Perfect for: Dogs who are at high risk for getting heartworms, especially those who live in the South and other areas of the country with lots of mosquitos
Flea Collars for Dogs
If you’re looking for protection that you don’t have to think about for months, you may want to consider a collar. Many flea collars for dogs, like the Seresto 8-Month Flea and Tick collar, repel pests for half a year or more. All you have to do is attach the collar snugly around your dog’s neck and the flea-and-tick killing ingredients in the collar will spread from the site of direct contact over the skin’s surface of your dog. Many flea collars for dogs are also waterproof. If your dog really is in the woods a lot or in areas where there are lots of tick-carrying deer, a collar can offer additional protection alongside a topical or oral medication, Dr. Fox says.

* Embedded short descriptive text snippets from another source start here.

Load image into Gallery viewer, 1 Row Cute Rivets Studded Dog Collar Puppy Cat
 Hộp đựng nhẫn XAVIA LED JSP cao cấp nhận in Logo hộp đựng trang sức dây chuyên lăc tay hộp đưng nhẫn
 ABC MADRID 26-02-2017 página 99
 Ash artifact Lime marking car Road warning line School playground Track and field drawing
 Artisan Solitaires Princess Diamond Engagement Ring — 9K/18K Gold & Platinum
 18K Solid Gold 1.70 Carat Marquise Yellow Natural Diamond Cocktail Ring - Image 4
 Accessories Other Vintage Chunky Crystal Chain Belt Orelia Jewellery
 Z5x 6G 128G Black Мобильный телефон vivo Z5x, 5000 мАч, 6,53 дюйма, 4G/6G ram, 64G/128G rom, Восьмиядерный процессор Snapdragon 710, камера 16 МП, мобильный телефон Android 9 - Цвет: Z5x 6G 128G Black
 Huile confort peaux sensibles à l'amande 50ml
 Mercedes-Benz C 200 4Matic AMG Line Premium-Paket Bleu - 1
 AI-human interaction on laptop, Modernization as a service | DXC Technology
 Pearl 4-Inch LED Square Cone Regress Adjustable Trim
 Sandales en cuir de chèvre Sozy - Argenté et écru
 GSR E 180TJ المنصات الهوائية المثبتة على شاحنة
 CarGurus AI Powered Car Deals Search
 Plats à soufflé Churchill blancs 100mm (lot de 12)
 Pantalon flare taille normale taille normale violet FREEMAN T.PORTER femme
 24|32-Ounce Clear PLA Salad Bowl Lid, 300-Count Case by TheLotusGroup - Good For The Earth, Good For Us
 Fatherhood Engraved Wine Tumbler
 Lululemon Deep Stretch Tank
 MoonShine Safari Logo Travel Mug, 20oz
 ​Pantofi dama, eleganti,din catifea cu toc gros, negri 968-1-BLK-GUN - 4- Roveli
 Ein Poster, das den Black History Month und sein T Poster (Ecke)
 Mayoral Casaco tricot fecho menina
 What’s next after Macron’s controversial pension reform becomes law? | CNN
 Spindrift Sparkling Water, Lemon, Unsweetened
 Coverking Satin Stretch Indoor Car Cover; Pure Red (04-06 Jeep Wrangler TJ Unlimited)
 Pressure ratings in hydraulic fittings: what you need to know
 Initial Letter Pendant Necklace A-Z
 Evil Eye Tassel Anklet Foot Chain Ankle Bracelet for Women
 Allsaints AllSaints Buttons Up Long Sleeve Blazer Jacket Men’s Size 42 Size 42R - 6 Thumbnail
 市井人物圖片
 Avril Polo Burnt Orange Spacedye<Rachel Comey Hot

Perfect for: Most dogs, especially those who need extra protection
Flea Shampoo for Dogs
If you can’t get your hands on an oral treatment to kill off fleas, then giving your pup a bath with a flea shampoo for dogs can bring about the fast relief they need before you start your preventative treatment. While these shampoos are specially formulated to kill fleas and ticks, they can also wash away flea dirt (AKA flea poop), which can cause allergies. If you’re worried about ingredients, then try this gentle flea shampoo by Richard’s Organics, which contains natural oils from peppermint, cloves and other plants.
Perfect for: Dogs who have a flea infestation
Flea Combs and Other Tools
After you’ve given your dog a bath or oral treatment, combing your pup with a specially designed flea comb like this one from Hartz can remove dead fleas and eggs. It’s also a great diagnostic tool, says Dr. Fox. “Sometimes it’s really hard to tell if animals have fleas, but if you comb them, you’ll catch a flea eventually.” They’re also good for puppies that are too young to get an oral or topical flea treatment. Other tools you might need are tweezers, for pulling out the ticks that have latched onto your dog. TickEase Tick Removal Tweezer Tool works on pups and humans alike!
Perfect for: Most dogs, especially really young ones
Home and Yard Prevention
Even if you’re scrupulous about keeping pests away from your pet, it’s always a good idea to practice good hygiene to prevent things from getting out of control in your environment, says Dr. Fox. “When you treat the animal, you also need to treat the environment.” So clean regularly: Vacuum carpets and wash your bedding as well your pet’s sleeping areas (and yes, that means the sofa and chairs). For an extra layer of protection, try spraying your home and yard with products that kill fleas to prevent reinfestation. Adams Plus Flea & Tick Yard Spray, for example, is formulated to kill and repel a number of pests in addition to fleas and ticks, including mosquitos, termites, ants and crickets. (Just remember these sprays are for your yard, and should not be sprayed on your pet unless clearly stated by the manufacturer.)
Perfect for: Just about all dog owners, who don’t want fleas or other pests inside their homes and yards
As you can see, there are lots of methods for preventing and treating fleas and ticks on dogs. Be sure you talk to your vet to make sure you pick the best method for your fur baby.